To do: Go to the line below that contains "ワゴンＲ ＦＸ　ＴＶ　キーレ". From there to the end of the records, reproduce each line exactly, except the pictures.

Input Start Marker

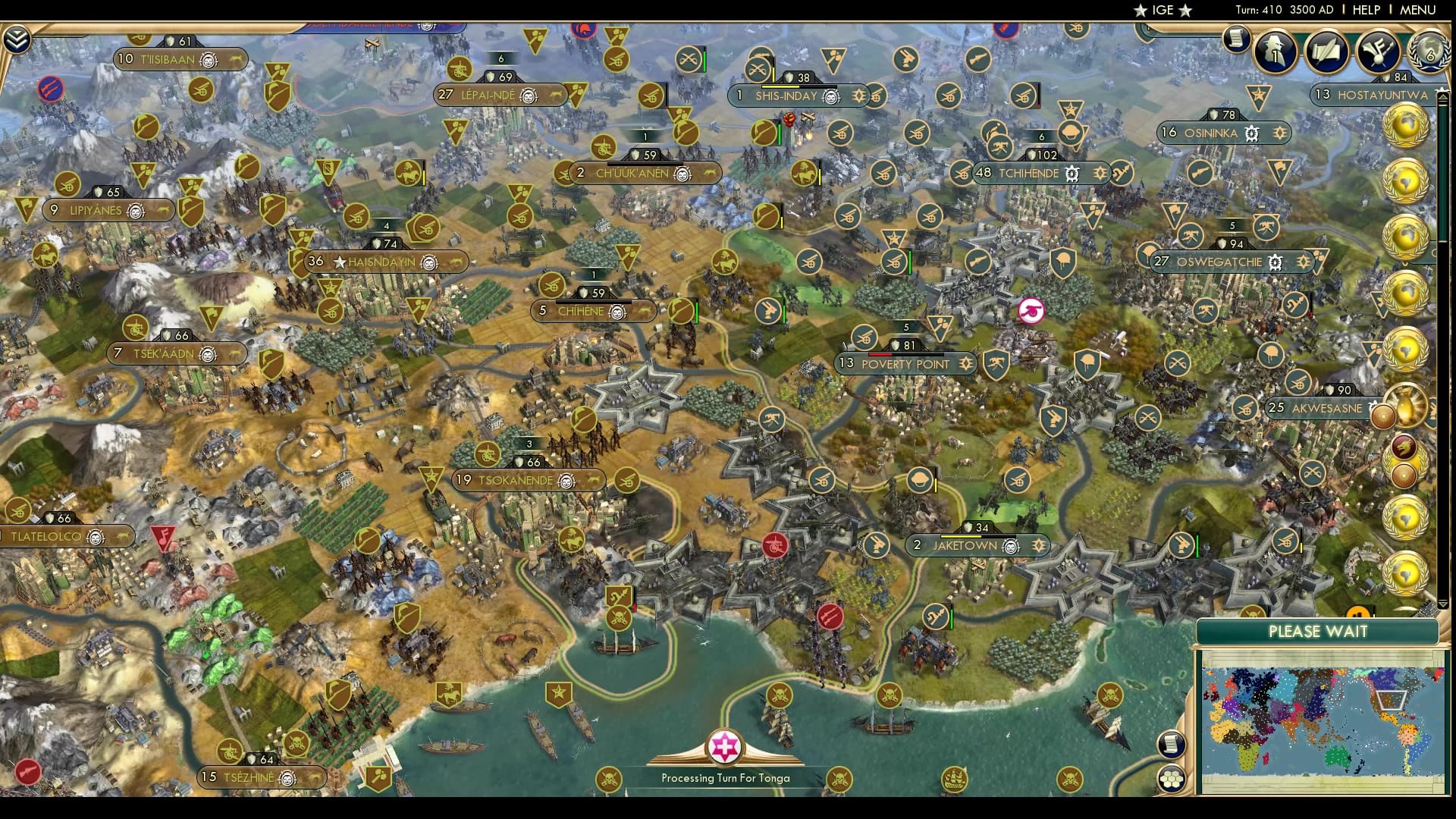 CBR In-Game Screenshot of The Other American War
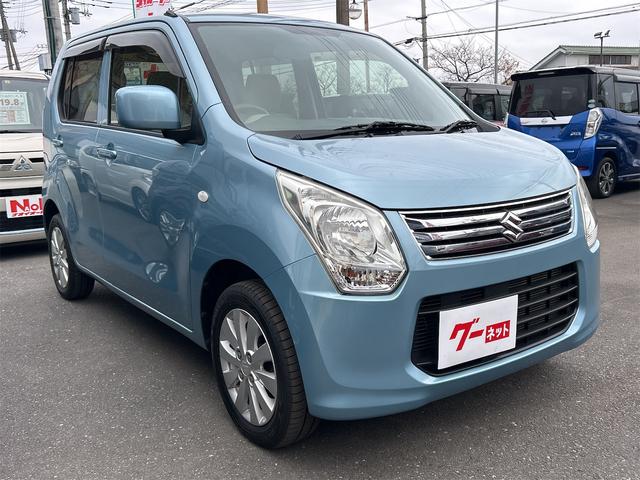 ワゴンＲ ＦＸ　ＴＶ　キーレスエントリー　電動格納ミラー　ＣＶＴ　盗難防止システム　ＡＢＳ　Ｂｌｕｅｔｏｏｔｈ　衝突安全ボディ　エアコン　パワーステアリング　パワーウィンドウ　運転席エアバッグ　助手席エアバッグ（12枚目）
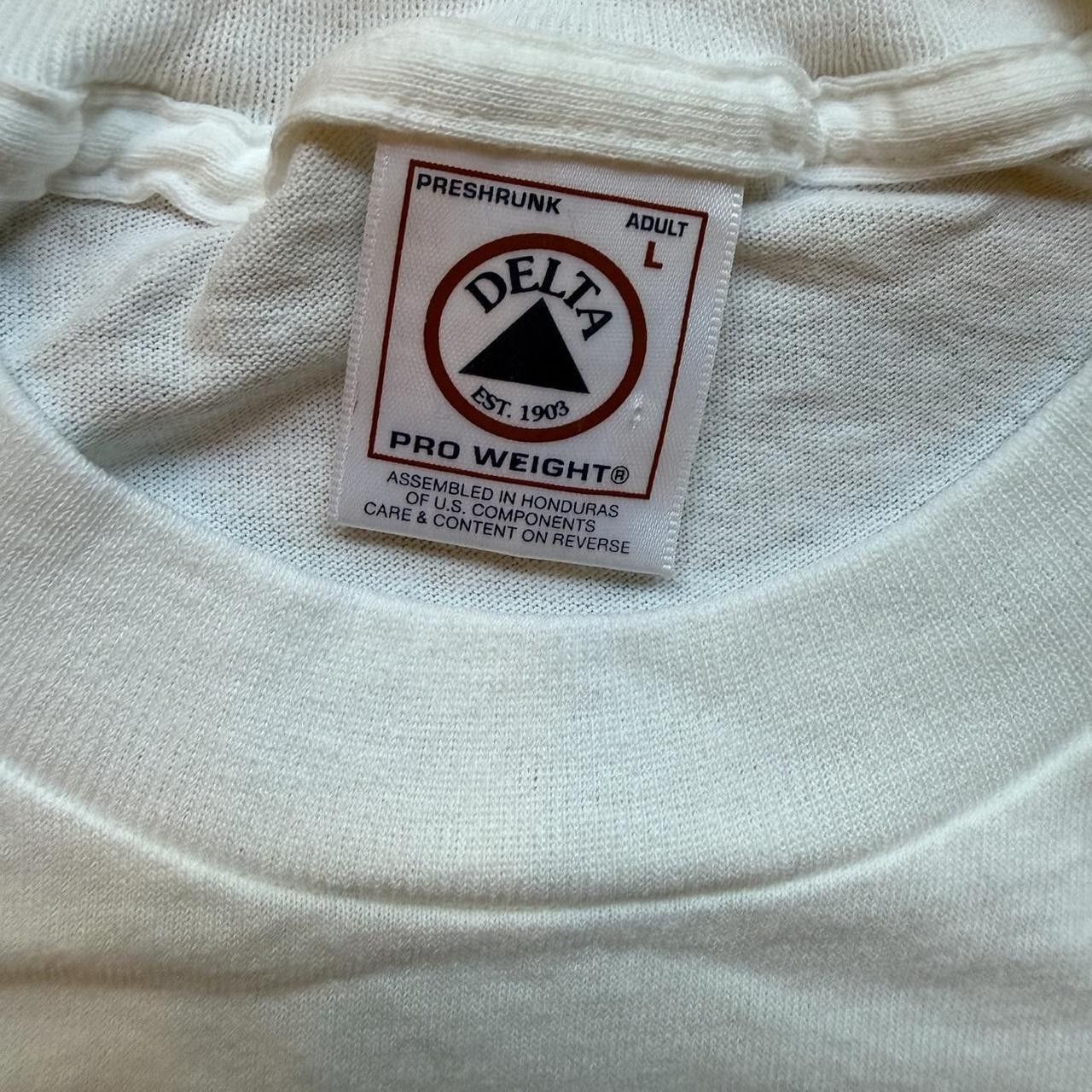 MLB San Diego League Champs 1998 Baseball T Shirt L White Size US L / EU 52-54 / 3 - 2 Thumbnail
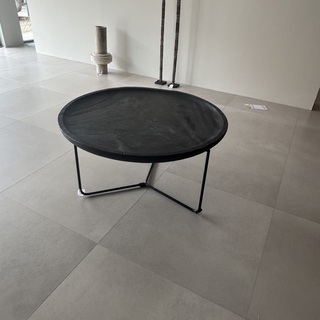 Salontafel Raw Interiors, zwart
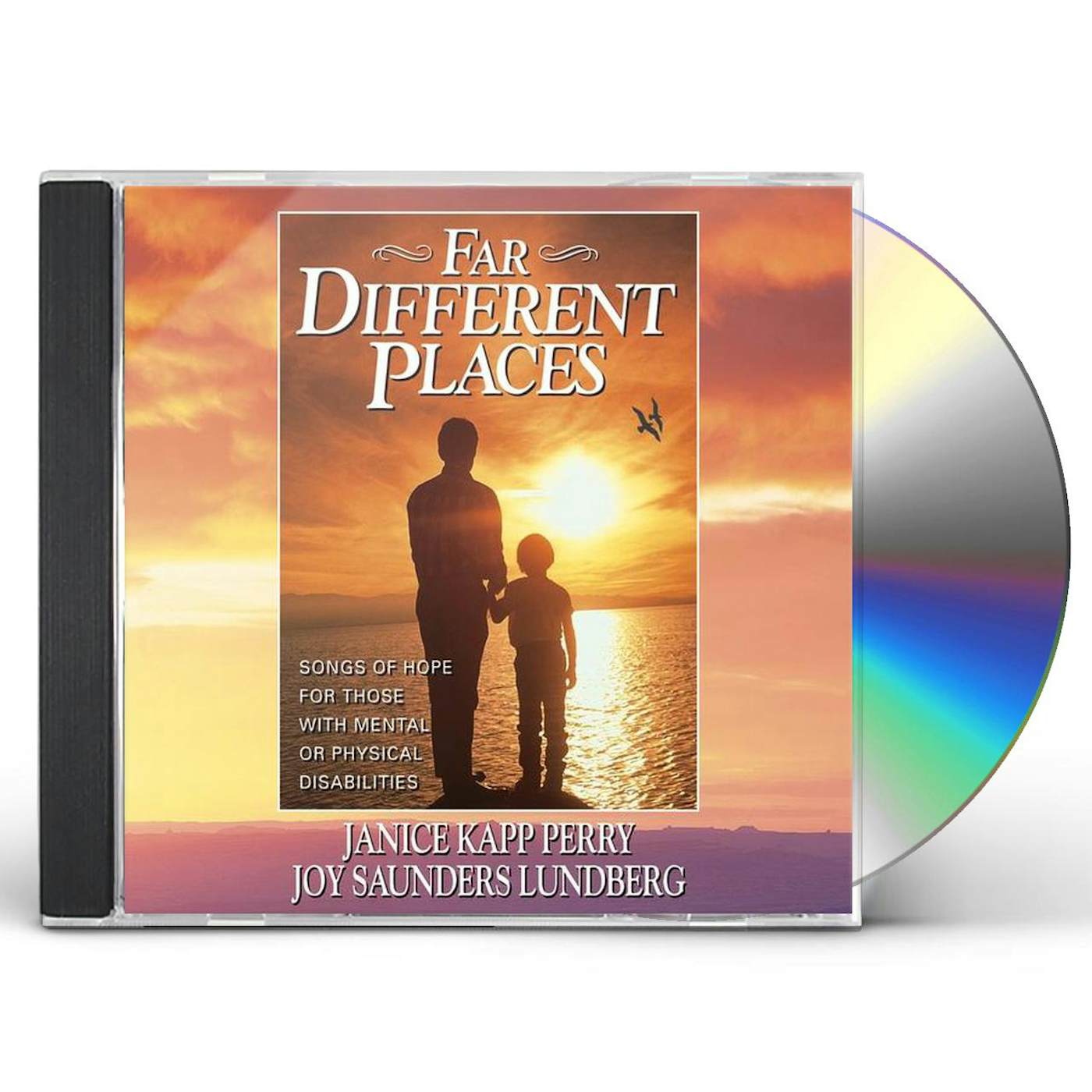 Janice Kapp Perry FAR DIFFERENT PLACES CD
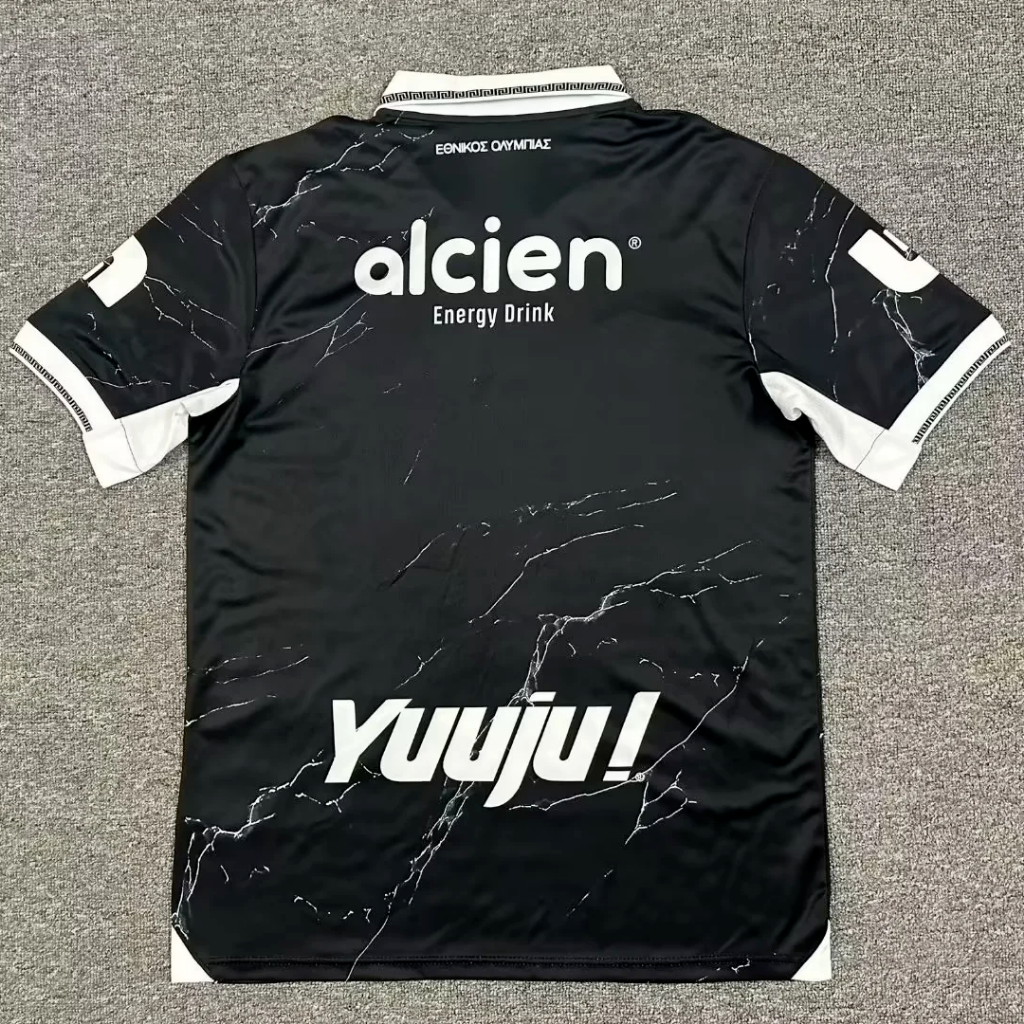 Olimpia (Honduras) 25/26 Black/White Third Jersey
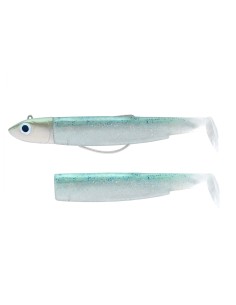 COMBO BLACK MINNOW 70 OFF SHORE 6G GREEN GLITTER COLOR...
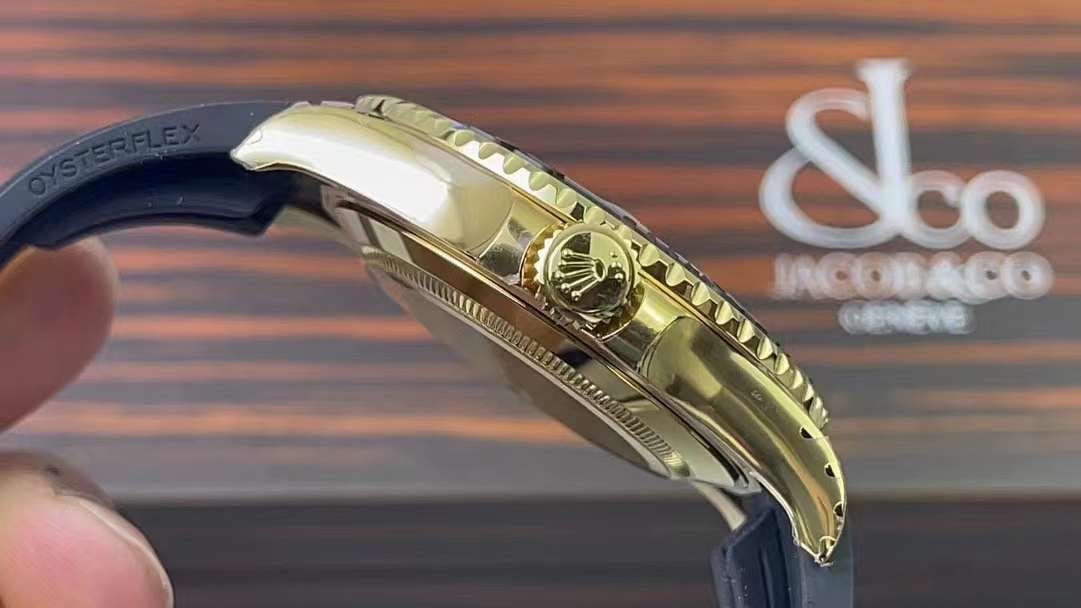 Rolex Gold Yatch Wrist Watch WAT02020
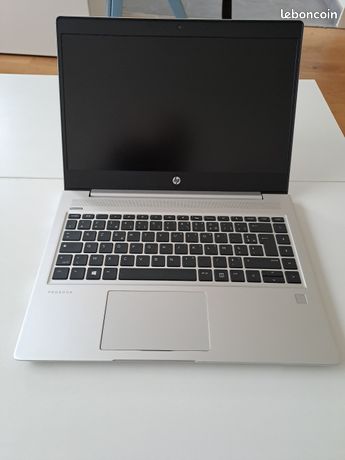 Hp probook 440 g6 256 go ssd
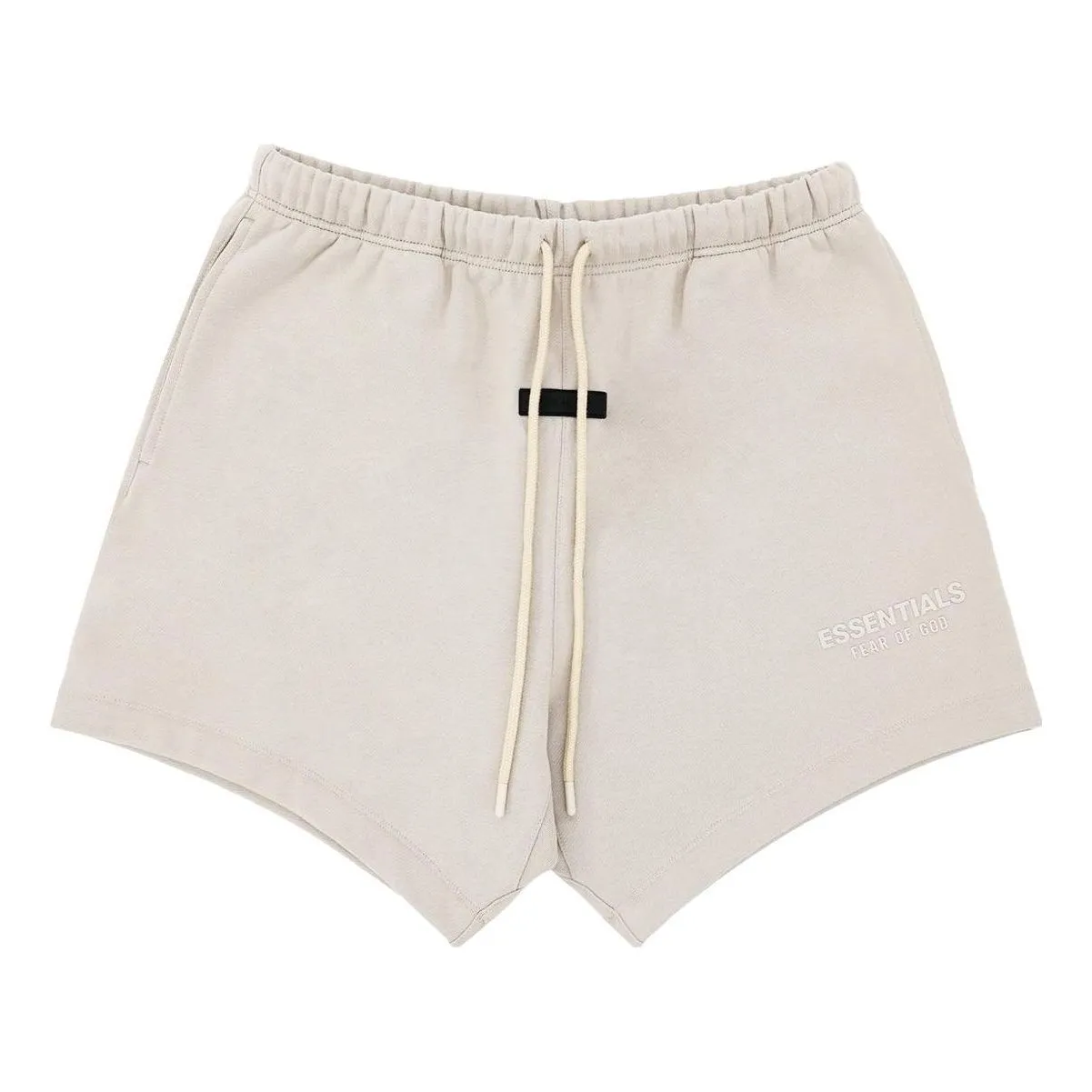 Fear of God Essentials FW23 Sweat Short 'Silver Cloud' 160BT232002F sold by KicksCrew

Input End Marker

Solution:
 ワゴンＲ ＦＸ　ＴＶ　キーレスエントリー　電動格納ミラー　ＣＶＴ　盗難防止システム　ＡＢＳ　Ｂｌｕｅｔｏｏｔｈ　衝突安全ボディ　エアコン　パワーステアリング　パワーウィンドウ　運転席エアバッグ　助手席エアバッグ（12枚目）
 MLB San Diego League Champs 1998 Baseball T Shirt L White Size US L / EU 52-54 / 3 - 2 Thumbnail
 Salontafel Raw Interiors, zwart
 Janice Kapp Perry FAR DIFFERENT PLACES CD
 Olimpia (Honduras) 25/26 Black/White Third Jersey
 COMBO BLACK MINNOW 70 OFF SHORE 6G GREEN GLITTER COLOR...
 Rolex Gold Yatch Wrist Watch WAT02020
 Hp probook 440 g6 256 go ssd
 Fear of God Essentials FW23 Sweat Short 'Silver Cloud' 160BT232002F sold by KicksCrew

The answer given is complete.